GMITRUK KRYTYKUJE BLOODWORTHA

Jan Ciosek, gwizdek24.pl

2011-09-13

Tomasz Adamek (44-2, 28 KO) dostał wielkie lanie od Witalija Kliczki (43-2, 40 KO) w walce o mistrzostwo świata. Andrzej Gmitruk, wieloletni trener "Górala", chwali Tomasza za serce do walki, a za porażkę obwinia szkoleniowca "Górala" Rogera Bloodwortha. - Taktyka, którą opracował, idealnie pasowała... Kliczce - denerwuje się Gmitruk.

Roger Bloodworth po walce był jednak zadowolony. - Tomek był pierwszym rywalem od dawna, który próbował walczyć z Kliczką. Wyszedł do ringu i chciał wygrać. Być może była to jego najlepsza walka w karierze - bredził Amerykanin po pojedynku wbrew temu, co wszyscy widzieli.
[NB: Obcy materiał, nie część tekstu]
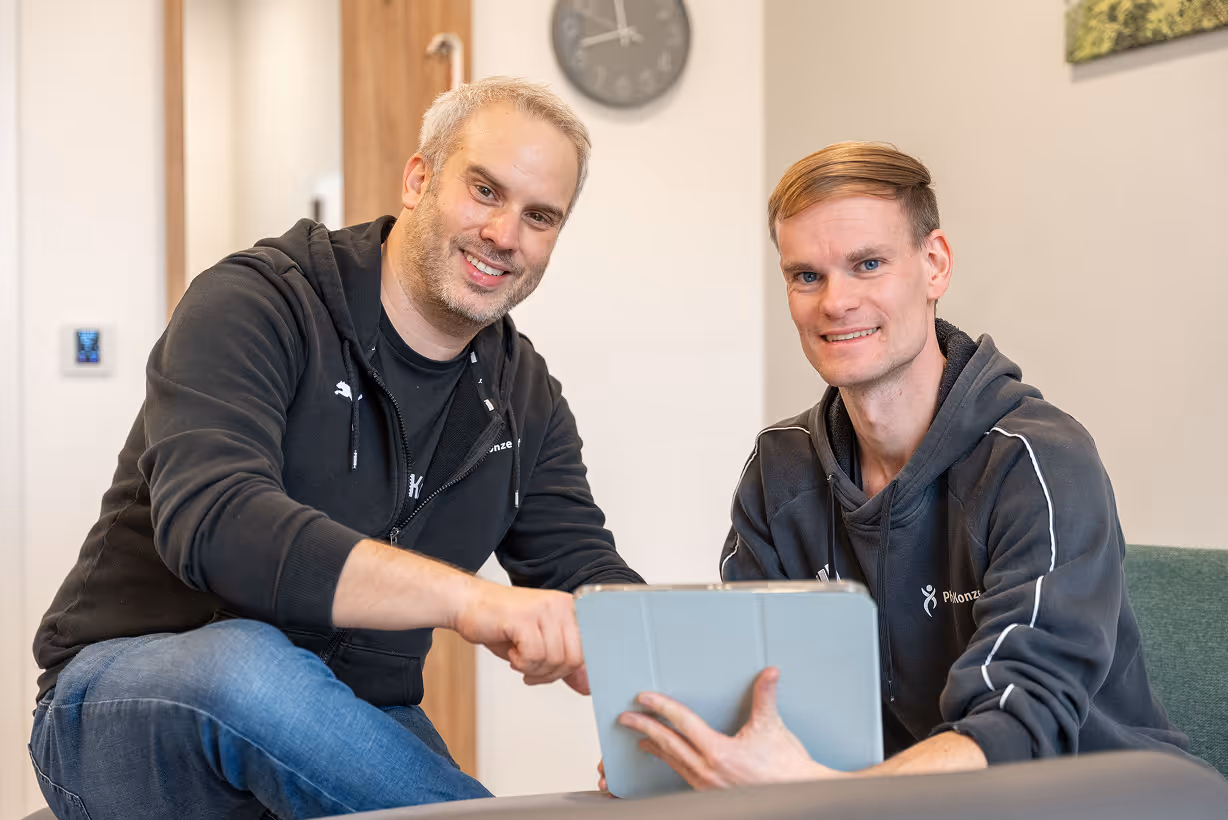 Zwei Physiotherapeuten von PhysioKonzept beraten persönlich am Tablet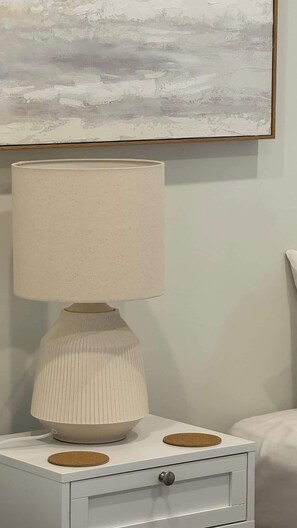 A white bedside table with a lamp, a drawer, and a cork coaster. - Farm Stay, Picturesque views (Balhannah)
- Najlepsza walka Tomka?! Bez żartów! Walczył dzielnie, pokazał wielki hart ducha. Ale taktyka opracowana przez trenera to był jakiś dramat. Polegała na kręceniu się w lewo i pakowaniu pod prawą rękę Kliczki! To było samobójstwo - mówi zdenerwowany Andrzej Gmitruk, który doprowadził Adamka do tytułów mistrza świata wagi półciężkiej i junior ciężkiej. - Bloodworth źle przygotował Tomka taktycznie i szybkościowo, w takim stylu nie miał absolutnie żadnych szans.

Gmitruk precyzyjnie punktuje błędy swojego kolegi po fachu. - Tomek zatracił zadziorność i szybkość, nie powtarza ataków, nie ma lewego prostego, którym wygrywał walki, nie zmienia tempa. A trener mówi, że wszystko jest w porządku - irytuje się szkoleniowiec, który w 1999 roku namówił Adamka na podpisanie zawodowego kontraktu. - Tomek walczył dzielnie, pokazał wielkie serce do walki, po raz kolejny udowodnił, że potrafi przyjąć niesamowicie mocny cios. Ale przecież nie na tym polega boks!

Zdaniem Andrzeja Gmitruka błędy Bloodwortha mogły Adamka drogo kosztować. - Powinien rzucić ręcznik na ring po szóstej rundzie. Tomek nigdy się nie poddaje, ale powinien to za niego zrobić sekundant. Dobrze, że wyobraźni nie zabrakło sędziemu, który przerwał walkę - podkreśla.

To nie pierwszy raz, kiedy amerykański szkoleniowiec nie potrafił zareagować na złą sytuację w ringu. To właśnie Roger Bloodworth był razem z Lou Duvą w narożniku Andrzeja Gołoty w czasie słynnych pojedynków z Riddickiem Bowe. Polak prowadził wtedy wysoko na punkty, ale przegrał przez dyskwalifikację za ciosy poniżej pasa. Jedyną reakcją trenera było wtedy wołanie: "Nie bij więcej na tułów"...

Wczoraj w "Super Expressie" mistrz olimpijski Jerzy Kulej ocenił, że "amerykańscy trenerzy zepsuli Adamka". - Stary dobry Tomek mógłby wygrać z Kliczką - nie ma też wątpliwości Gmitruk.